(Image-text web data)
<<<<

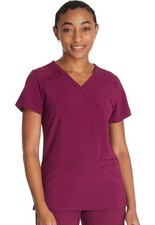 Dickies Scrubs EDS Essentials Mock Wrap Top DK625 WNPS Wine Free Ship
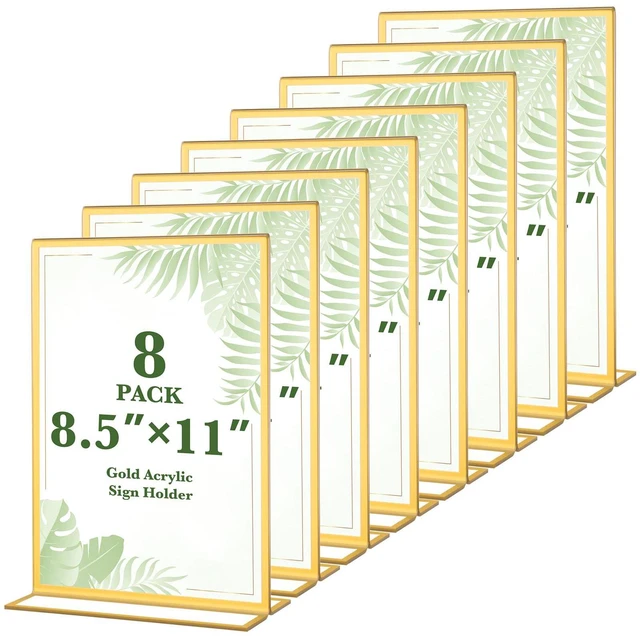 Main image of 8 Pack Gold Acrylic Sign Holders 8.5x11 Inch Table Menu Display Holders Double Sided Vertical Stand Clear Frames for Wedding Table Numbers, Restaurant Signs, Events, Office and Store Posters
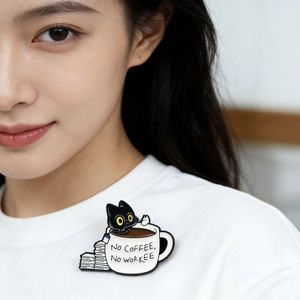 Lot de 3 épingles en émail sur le thème des mèmes de travail amusants, broches de revers humoristiques pour le bureau, badges mignons grenouille et chat pour sacs à dos, chapeaux, vestes - Product Image 4
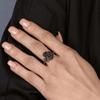 Huitan Novel Black Flowers Rings for Women Unique Gorgeous Personal Finger Accessories Elegant Attractive Wedding Band Jewelry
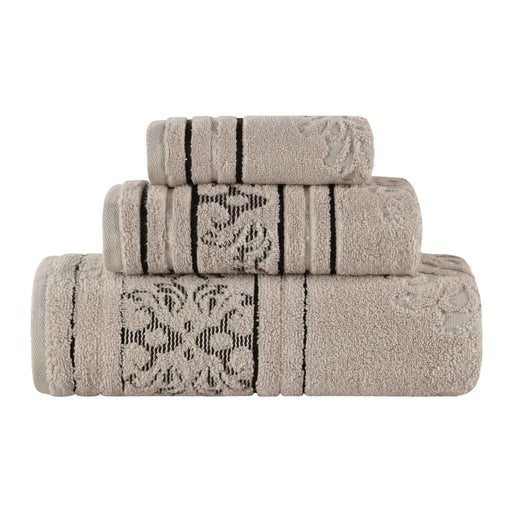 Sadie Zero Twist Cotton Floral Motif 3 Piece Jacquard Towel Set - Stone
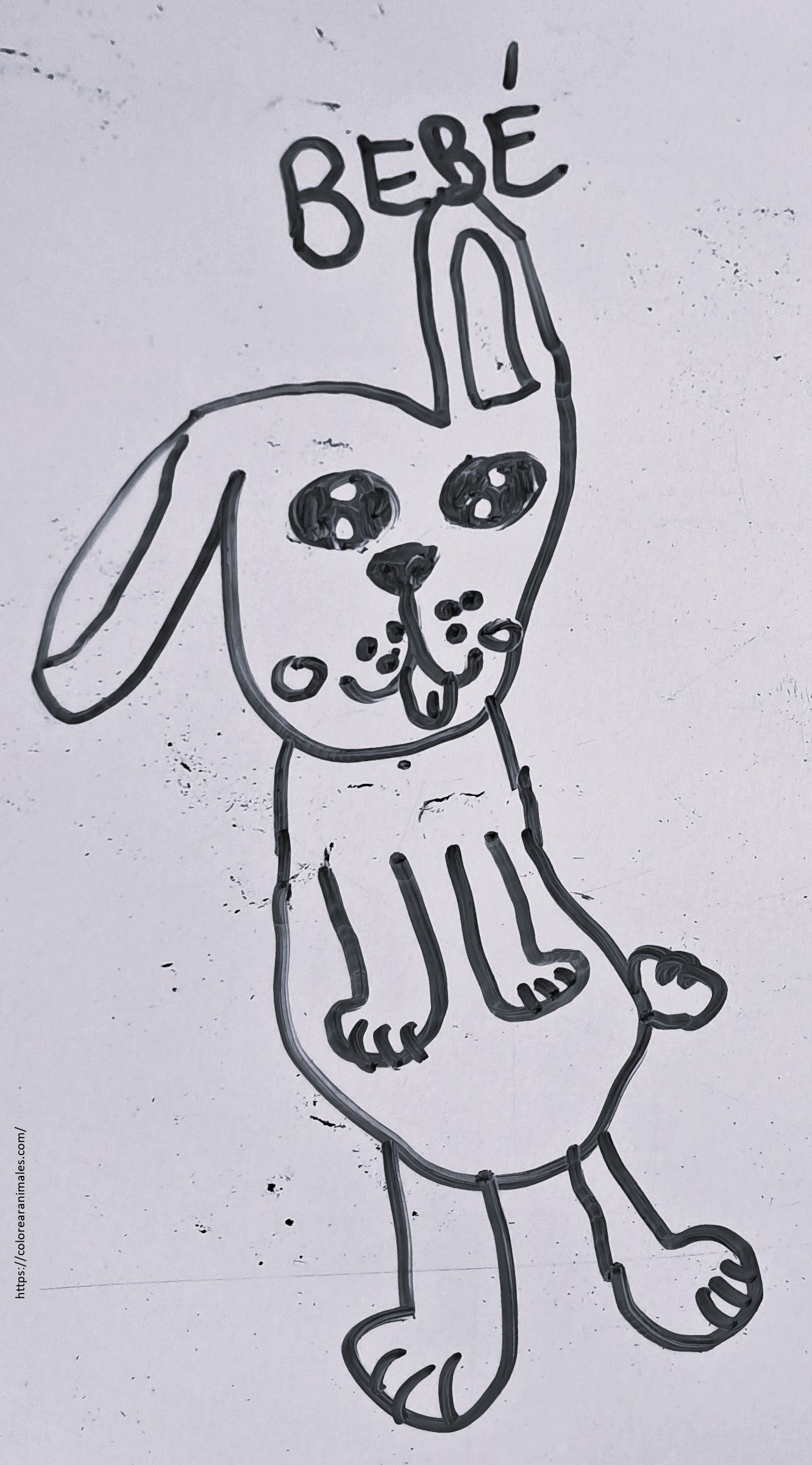 dibujo de conejo bebe de pie para colorear a lapiz, facil para ninos pequenos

>>>>

_Task directions_. Only an exact copy belongs in the answer: the lines from the one containing "Lot de 3 épingles" through the end of the records, both ends included, minus the pictures.

_Exercise response_.
 Lot de 3 épingles en émail sur le thème des mèmes de travail amusants, broches de revers humoristiques pour le bureau, badges mignons grenouille et chat pour sacs à dos, chapeaux, vestes - Product Image 4
 Huitan Novel Black Flowers Rings for Women Unique Gorgeous Personal Finger Accessories Elegant Attractive Wedding Band Jewelry
 Sadie Zero Twist Cotton Floral Motif 3 Piece Jacquard Towel Set - Stone
 dibujo de conejo bebe de pie para colorear a lapiz, facil para ninos pequenos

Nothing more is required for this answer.